Article published on
October 14, 2021

À Umalia nous aimons vous parler de partenariats et d’impact sociétal, vous l’avez sans doute remarqué. Deux sujets complexes, qui représentent un vrai défi lorsqu’il s’agit de les concilier avec la réalité quotidienne de nos organisations et pourtant…il s’agit là de deux sujets majeurs que les entreprises ne peuvent pas ignorer.

S’il y a un endroit où la culture partenariale doit être présente, c’est bien dans l’ADN des grappes industrielles. Collaborer et s’engager pour la cause commune, c’est la base de leur raison d’être. Nous avons commencé cette réflexion il y a quelque temps avec Cargo M, la grappe montréalaise du transport et de la logistique. Nous avons eu récemment la chance d’échanger également avec une des grappes industrielles les plus actives et innovantes non seulement à Montréal mais aussi à l’international : Aéro Montréal, grappe industrielle du secteur aérospatial. Et plus particulièrement avec Charlotte Laramée, Vice-Présidente, Opérations.

La mission des grappes industrielles résonne beaucoup dans nos réflexions car elles permettent, de par leur nature et mission, des changements systémiques. Nous avons la conviction que c’est en multipliant les approches systémiques et multisectorielles que nous pourrons répondre aux problématiques et enjeux sociétaux. Ce type de regroupements est aligné avec l’objectif n°17 desObjectifs du Développement Durable de l’ONU sur les partenariats pour la réalisation des objectifs, qui repose sur le postulat que « Des partenariats inclusifs construits sur des principes et des valeurs, une vision commune et des objectifs communs sont nécessaires. »  

Ecoutez le témoignage de Charlotte Laramée avant de découvrir notre réflexion sur le sujet !

 

UNE GRAPPE INDUSTRIELLE ? POUR QUOI FAIRE ?

« La grappe existe grâce à ses membres, à la volonté de ceux-ci de se rassembler » 

Comme le souligne Charlotte Laramée, Vice-Présidente Opérations, les grappes industrielles existent parce que les acteurs d’un secteur ont choisi de travailler ensemble pour mieux répondre aux problématiques communes à leur secteur en particulier.
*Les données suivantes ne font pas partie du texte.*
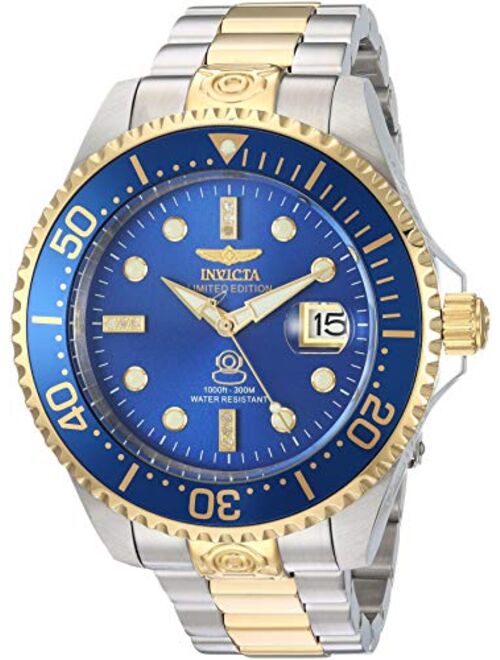 Invicta Men's 20144 Pro Diver Automatic-self-Wind Diving Watch with Two-Tone-Stainless-Steel Strap, 22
Cette approche est particulièrement puissante car c’est un véritable levier systémique pour aborder et relever les défis et demeurer pertinent. 

Ce rassemblement permet également d’avoir une voix unique qui représente l’intégralité d’une industrie sur un territoire donné, ce qui facilite considérablement la communication avec les différents niveaux de gouvernement, le réseau académique, la société civile, les autres industries et même d’autres grappes à l’international. Au sein de l’industrie même, la grappe permet la libération et la circulation de l’information pour renforcer les liens, provoquer les opportunités et multiplier les connexions. Cela favorise grandement l’innovation technique, grâce à la création de partenariats, de partage d’expertise, de réseau, etc. Mais nous remarquons que de plus en plus, l’innovation sociale en bénéficie également, si on pense, par exemple à des initiatives avant-gardistes comme le partage de la main-d’œuvre.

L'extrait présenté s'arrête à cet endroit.